- Pitcher
- Born: December 1, 1919 Stowe, Pennsylvania, U.S.
- Died: April 23, 1990 (aged 70) Mobile, Alabama, U.S.
- Batted: RightThrew: Right

MLB debut
- July 2, 1954, for the Brooklyn Dodgers

Last MLB appearance
- April 25, 1957, for the Detroit Tigers

MLB statistics
- Win–loss record: 1–1
- Earned run average: 3.00
- Strikeouts: 22
- Stats at Baseball Reference

Teams
- Brooklyn Dodgers (1954); Detroit Tigers (1956–1957);

= Pete Wojey =

American baseball player (1919–1990)

Peter Paul Wojey (December 1, 1919 – April 23, 1990) was an American professional baseball pitcher whose career extended for fifteen seasons over a twenty-year span. It included eighteen games pitched over parts of three years in Major League Baseball for the Brooklyn Dodgers and Detroit Tigers (–).

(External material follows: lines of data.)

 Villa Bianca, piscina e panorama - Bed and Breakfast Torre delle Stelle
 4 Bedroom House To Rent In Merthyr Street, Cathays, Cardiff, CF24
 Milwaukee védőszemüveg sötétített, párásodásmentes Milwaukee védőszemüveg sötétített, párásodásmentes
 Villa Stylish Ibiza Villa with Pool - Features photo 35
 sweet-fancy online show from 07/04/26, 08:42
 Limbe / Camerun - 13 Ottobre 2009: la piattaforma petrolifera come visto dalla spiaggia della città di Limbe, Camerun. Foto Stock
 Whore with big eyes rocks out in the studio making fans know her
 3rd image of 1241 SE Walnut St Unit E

He threw and batted right-handed, stood 5 ft 11 in tall and weighed 185 lb.

==Biography==
Born in Stowe, Pennsylvania December 1, 1919, Wojey began his pro career in 1941 at the age of twenty-one. Starting out in the Class D Florida East Coast League, he briefly left baseball between 1942 and 1946, but then returned to the professional game. In 1948, he was acquired by the Dodger organization and spent 61/2 years at the Double-A level, 41/2 of them with the Mobile Bears of the Southern Association.

When he was recalled from Mobile by Brooklyn in July 1954, he made his first MLB appearance on July 2 at 34 years, 213 days old. His debut would be his only starting pitcher assignment in the majors. Facing the Philadelphia Phillies at Connie Mack Stadium, he hurled four hitless innings, allowing only an unearned run. By the bottom of the fifth inning, the Dodgers had built a 4–1 lead, but Wojey ran into trouble, surrendering four hits and three runs and recording only one out. The Phillies would win the game, 7–6, with relief pitcher Clem Labine tagged with the loss.

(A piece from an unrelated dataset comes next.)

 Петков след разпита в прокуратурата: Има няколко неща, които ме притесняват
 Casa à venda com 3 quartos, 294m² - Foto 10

Wojey would work in seventeen more MLB games, all in relief, for the Dodgers and Tigers. He earned his only big-league victory on August 2, 1954, against the Milwaukee Braves by throwing a scoreless 13th inning (stranding Hank Aaron on third base after Aaron led off the Braves' half with a triple), and his only save 27 days later, preserving a 12–4 triumph for Labine, also against the Braves.

Wojey's two brief stints with the Tigers took place in the early weeks of the 1956 and 1957 seasons, at a time when MLB teams could carry three extra players on their rosters for each campaign's first thirty days.

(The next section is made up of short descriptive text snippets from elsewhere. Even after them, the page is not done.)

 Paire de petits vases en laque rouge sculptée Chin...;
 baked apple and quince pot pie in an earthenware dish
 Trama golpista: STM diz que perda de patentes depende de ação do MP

Overall, Wojey posted a 1–1 won–lost record and one save, all as a member of the Dodgers, with a career earned run average of 3.00. In thirty-three innings pitched, he gave up twenty-seven hits and fifteen bases on balls, recording twenty-two strikeouts.

He continued his minor league baseball career through 1960, working in 444 games in the minors.

==Death==
Wojey died in Mobile, Alabama on April 23, 1990. He was seventy years old.